Method Developed By University Of Houston Researcher Can Predict Behavior, Improve Weather Forecasting
Picture a tall stately grandfather clock, its long pendulum swinging back and forth, over and again, keeping rhythm with the time. Scientists can describe that motion with an equation, or dynamical model, and though there are seemingly hundreds of factors contributing to the sway, (the weight of the clock, the material of the pendulum, ad infinitum) there is only one variable necessary to describe the motion of the pendulum and translate it into math: the angle of the swing. How long it took scientists and mathematicians to discover that is unknown. It could have taken years to test each variable in the equation to determine the single important variable for sway.
Now a University of Houston researcher is reporting a method to describe these kinds of complex systems with the least number of variables possible, sometimes reducing the possibility of millions to a minimal amount, and just one on rare occasions. It’s an advancement that can speed up science with its efficiency and ability to understand and predict the behavior of natural systems, and it has implications for speeding up an array of activities that use simulations from weather forecasting to production of aircraft.
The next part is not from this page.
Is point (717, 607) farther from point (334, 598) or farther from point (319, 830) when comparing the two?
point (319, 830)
“In the example of the grandfather clock, I can take a video of the pendulum swinging back and forth and from that video, automatically discover what is the right variable. Accurate models of system dynamics enable deeper understanding of these systems, as well as the ability to predict their future behavior,” reports Daniel Floryan, Kalsi Assistant Professor of Mechanical Engineering, in the journal Nature Machine Intelligence.
To begin building the compact-yet-accurate models, one principle is fundamental: For every action, even those seemingly complex and random, there exists an underlying pattern that enables a compact representation of the system.
“Our method finds the very most compact description that is mathematically possible, and that’s what differentiates our method from others,” said Floryan.
Using ideas from machine learning and smooth manifold theory, the method makes simulations extremely fast and inexpensive.
In one application, Floryan simulated a reaction between a couple of chemicals. The reaction resulted in complex behavior among the chemicals when they met: a repetitive rhythmic spiraling requiring more than 20,000 variables to simulate it. Floryan fed video of the reaction into his algorithm, and it discovered he needed just one variable to understand the action. The necessary variable was the time the spiral took to come back to where it started, like a second hand on a watch.
Regarding weather prediction, numerical models are computer simulations of the atmosphere that use complicated physics and fluid dynamics equations.
“For weather prediction and climate modeling, if you have something that is much faster you can better model the earth’s climate and better predict what’s going to happen,” said Floryan.